- [Assigned task]
Copy, exactly as written, the lines that begin at the one containing "EP Flow-Through Multi-Port" and end at the one containing "Faksimilie Bergensavisen 4.12-2013". Skip any pictures in the data below.

*** Given data

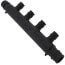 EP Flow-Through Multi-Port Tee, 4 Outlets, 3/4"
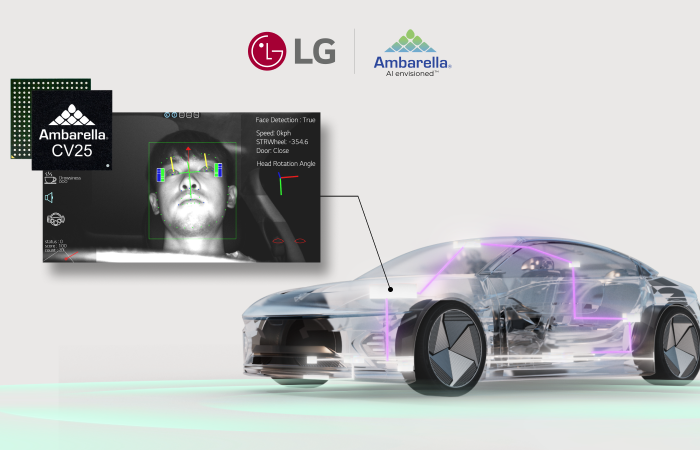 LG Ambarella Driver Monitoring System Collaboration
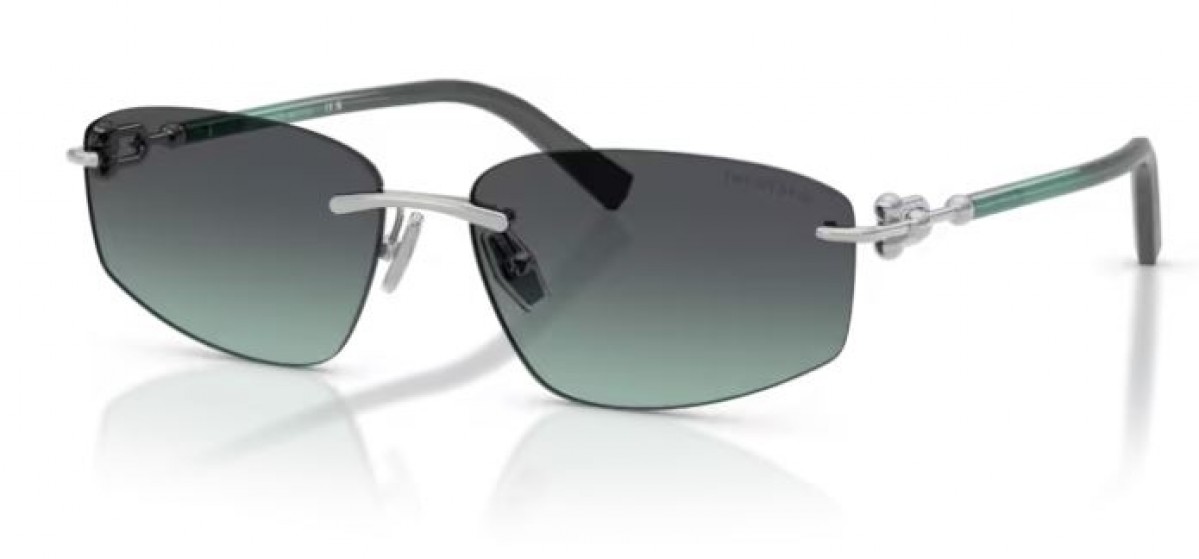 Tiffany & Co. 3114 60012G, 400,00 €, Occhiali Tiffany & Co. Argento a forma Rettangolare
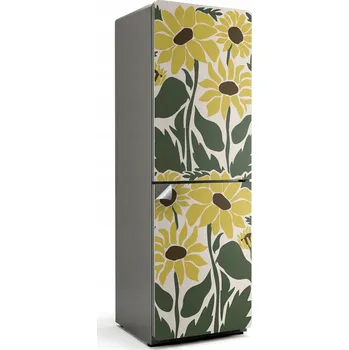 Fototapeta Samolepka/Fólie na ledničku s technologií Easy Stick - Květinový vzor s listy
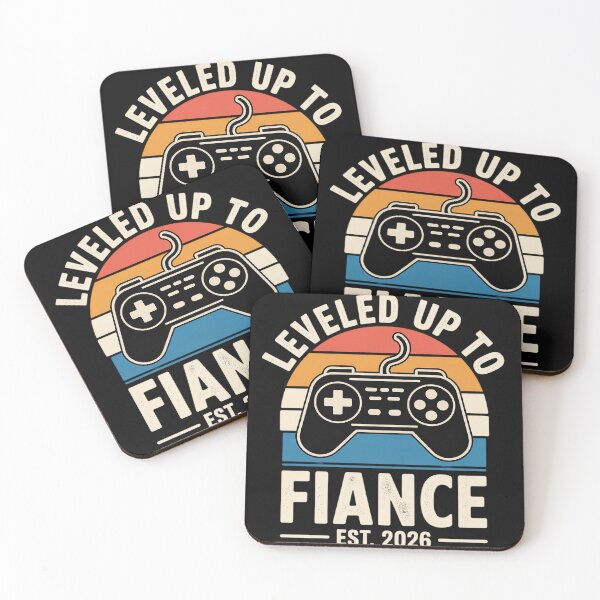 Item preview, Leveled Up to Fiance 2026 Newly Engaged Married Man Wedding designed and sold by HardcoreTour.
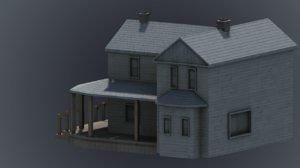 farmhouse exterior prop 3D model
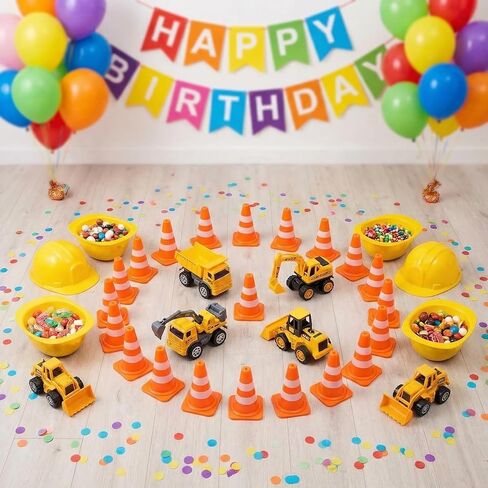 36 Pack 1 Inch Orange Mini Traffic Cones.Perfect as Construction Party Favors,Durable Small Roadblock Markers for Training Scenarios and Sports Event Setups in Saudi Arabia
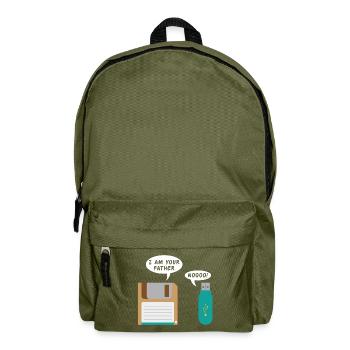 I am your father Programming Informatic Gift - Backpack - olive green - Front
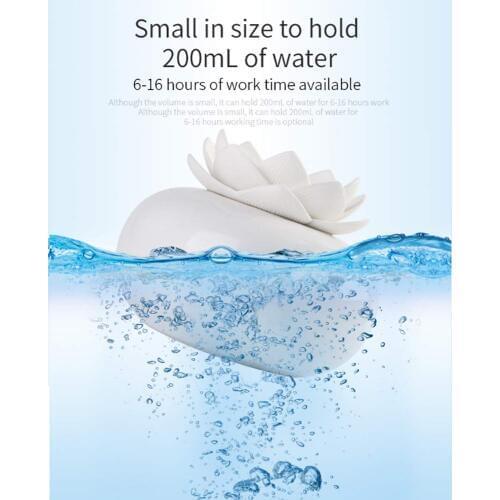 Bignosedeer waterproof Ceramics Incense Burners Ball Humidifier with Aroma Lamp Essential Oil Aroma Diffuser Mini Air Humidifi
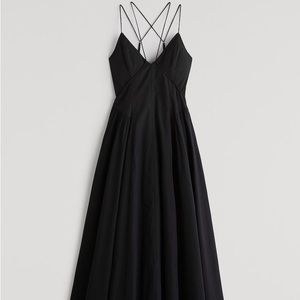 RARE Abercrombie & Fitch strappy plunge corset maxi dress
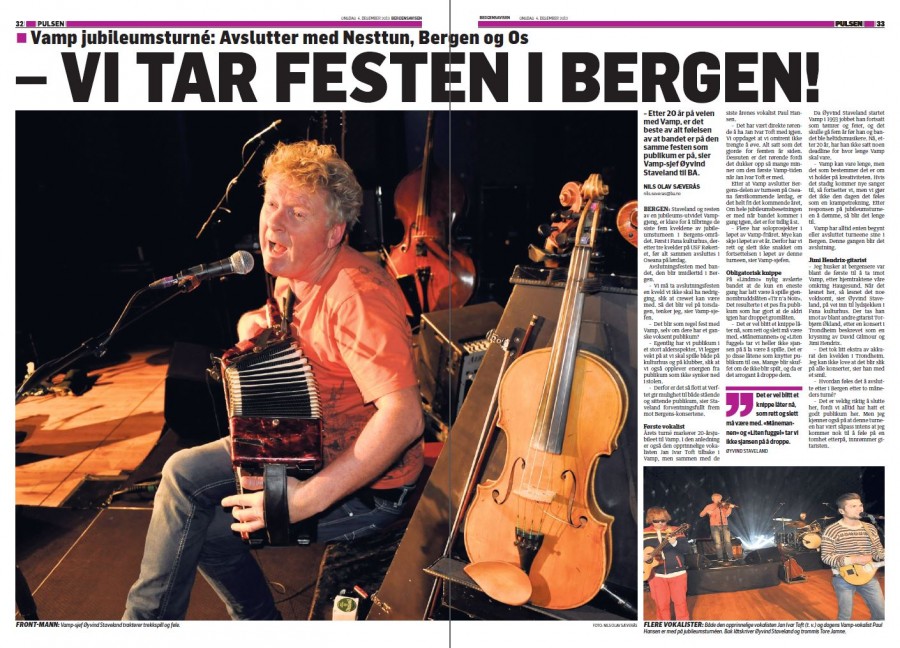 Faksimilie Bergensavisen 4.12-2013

******
*** Given data

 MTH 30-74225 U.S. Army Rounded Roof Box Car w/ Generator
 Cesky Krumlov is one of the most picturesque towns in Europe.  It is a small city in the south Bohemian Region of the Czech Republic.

******

- [Output of the exercise]
 EP Flow-Through Multi-Port Tee, 4 Outlets, 3/4"
 LG Ambarella Driver Monitoring System Collaboration
 Tiffany & Co. 3114 60012G, 400,00 €, Occhiali Tiffany & Co. Argento a forma Rettangolare
 Fototapeta Samolepka/Fólie na ledničku s technologií Easy Stick - Květinový vzor s listy
 Item preview, Leveled Up to Fiance 2026 Newly Engaged Married Man Wedding designed and sold by HardcoreTour.
 farmhouse exterior prop 3D model
 36 Pack 1 Inch Orange Mini Traffic Cones.Perfect as Construction Party Favors,Durable Small Roadblock Markers for Training Scenarios and Sports Event Setups in Saudi Arabia
 I am your father Programming Informatic Gift - Backpack - olive green - Front
 Bignosedeer waterproof Ceramics Incense Burners Ball Humidifier with Aroma Lamp Essential Oil Aroma Diffuser Mini Air Humidifi
 RARE Abercrombie & Fitch strappy plunge corset maxi dress
 Faksimilie Bergensavisen 4.12-2013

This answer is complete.